全体の傾向として、「利用率」には大きな変化は見られず維持していますが、令和6年度介護報酬改定の影響で「サービス活動収益」が維持または増加していることが分かりました。「サービス活動費用」は地域密着型特養で減少しているが、中央値で見るといずれも増加。「サービス活動増減差額」では、小規模特養、地域密着型特養は減少しているが、広域型特養は増加しています。

小規模特養においては、「人件費」が平均値では下がっていますが、中央値では増加。「事業費」「事務費」は、平均値でも中央値でも増加しています。結果として「サービ ス活動費用」が増加し、「サービス活動増減差額」は、2024年度数値で平均値では 355千円の赤字になり、中央値では 45千円の黒字とはなりましたが、「サービス活動収益」に対する割合を示す収支差率はマイナスとなり、極めて厳しい状況と言えます。 

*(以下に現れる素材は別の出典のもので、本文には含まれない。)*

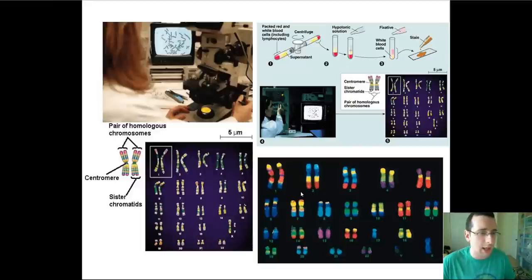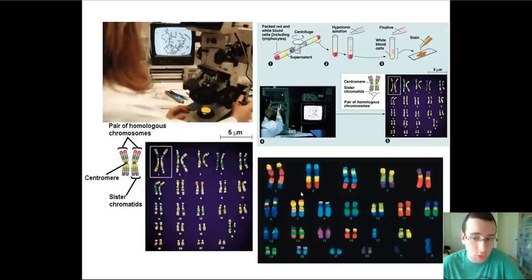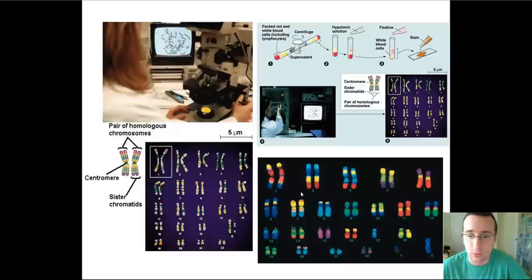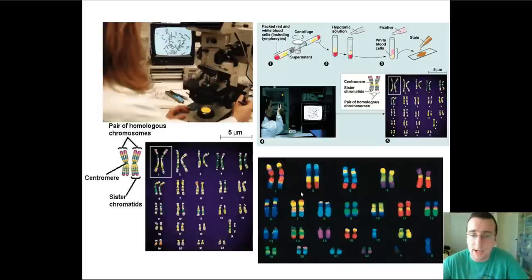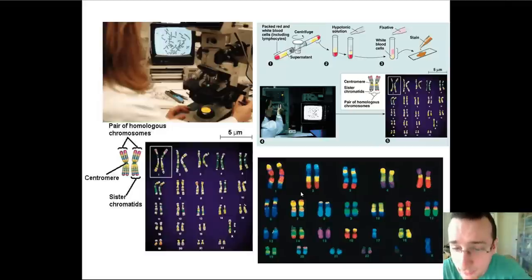These chromosomes are gathered together in what we call a karyotype. The human karyotype includes 23 pairs of chromosomes: 22 are called autosomes, and the last pair is called the sex chromosomes, which help determine the gender of the organism. If you have a Y chromosome, you're going to be male. If you have two paired X chromosomes, you're going to be female.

地域密着型特養においては、平均値では「人件費」が減少していますが「事業費」「事務費」ともに増大。平均値では「サービス活動収益」は増大していますが、「サービス活動増減差額」は、平均値で4,415 千円減少、中央値でも 868 千円の減少となっています。 

広域型特養においては、「事業費」が増加、「人件費」「事務費」で減少しています。。「サービス活動増減差額」は、平均値、中央値ともに増加していますが、「サービス活動収益」に対する割合(収支差率)は、1.9%で、小規模特養や地域密着型特養と比較すると良いが、広域型特養単体の評価では厳しい状況と言わざるを得ません。

公益社団法人 全国老人福祉施設協議会「令和7年度⽼⼈保健事業推進費等補助⾦ ⽼⼈保健健康増進等事業 小規模特養の経営状況等に関する調査研究事業」より

施設運営上の「利用者の確保」「経費」における課題

施設運営上の利用者の確保における課題について、いずれのサービス種別も「地域の他施設・他サービスに利用者が流れているため、利用者の確保が困難」が最も多くなっていました。また、「地域に要介護度が高い方がいないため、利用者の確保が困難」と回答した割合については、小規模特養が他の2種別と比較して高くなっていました。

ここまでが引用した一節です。